So when you think of how precious they are, it's really extraordinary. You know, the great
Isaiah scroll is the only book that was intact found back in 1947. That one, which is on display
at the Israel Museum in Jerusalem
when you go there and I think
you've been there and you see that
it's amazing and then I found out last week, guess
what? That's not the original.
That's a facsimile. These are
so precious. They don't even
in Jerusalem, they don't leave it out.
We need to break this down for people because I'm sure
there are tons of people listening right now watching.
They don't know what we're talking about. And so
if you have a copy of my book is atheism dead
you can read about it, but most people
don't. And I want to explain this so people
understand what we're talking about because when you get
it. So, ladies and gentlemen, in 1947, a shepherd boy wondering all these bad kids, these rotten
kids, I think he was 12 years old, I don't know, these rotten kids wandering, he wanders,
he's chasing a goat. He doesn't know he's trying to follow his goat and he stumbles upon a
cave. Sounds like a fairy tale. Yes. And it's as amazing as a fairy tale. So this is 1947. Carlos
you can tell the rest of the story.
This is a true story.
Well, it really is striking because instead of going into the cave, he's a teenager and he's
nervous about going into a cave.
So he says, to find if my goat is in the cave, I'll throw a stone and see if it responds.

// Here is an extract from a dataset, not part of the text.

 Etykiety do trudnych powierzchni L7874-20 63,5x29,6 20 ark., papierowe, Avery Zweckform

And when he throws the stone in, he hears something break.
And it's a clay jar.
And it contains what we now know is probably the greatest biblical, archaeological find in history.
maybe the greatest archaeological find in history, and that's 1947.

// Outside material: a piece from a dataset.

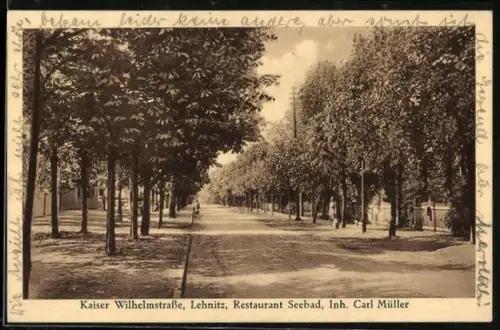 AK Lehnitz, Blick in die Kaiser Wilhelmstrasse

And what is studying to me, Eric, is how quickly that boy gets this transferred to an antiquities dealer in Israel.
I mean, it's just, you think of a Bedouin of sorts in Qumran.
I mean, this is 25 miles from Jerusalem by foot and not an easy walk.

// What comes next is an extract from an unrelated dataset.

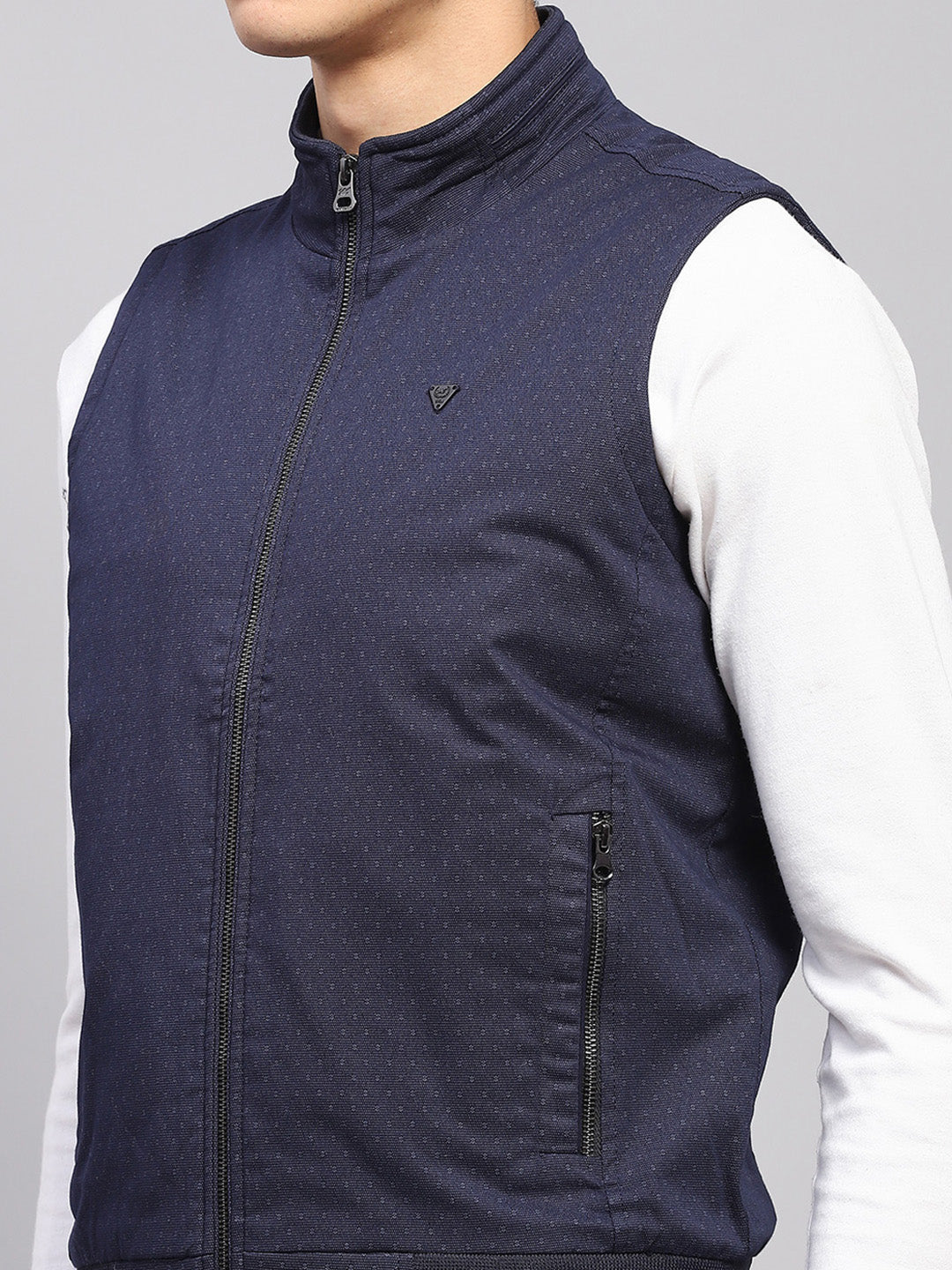 Men Navy Blue Solid Mock Neck Sleeveless Jacket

And within months, they're in the hands of an antiquities dealer.
And then it's not long after that.
There's literally an ad in the Wall Street Journal in 1947 or 48 that they are for sale.
For sale?
Well, okay, so we got to break this down.
Ladies and gentlemen, understand this.
In a cave.
And again, I go into the details in my book is atheism dead because some of this stuff
sounds made up.
It's so amazing.
The cave had, think of this, for 2,000 years.
For 2,000 years, these jars had been in the cave, unbothered for 2,000 years.
What is in the jars?
Scrolls.
What are the scrolls?
This is scrolls of all kinds of stuff, including the handwritten scroll of the book of Isaiah.
Yes.
The handwritten scroll, almost every single book.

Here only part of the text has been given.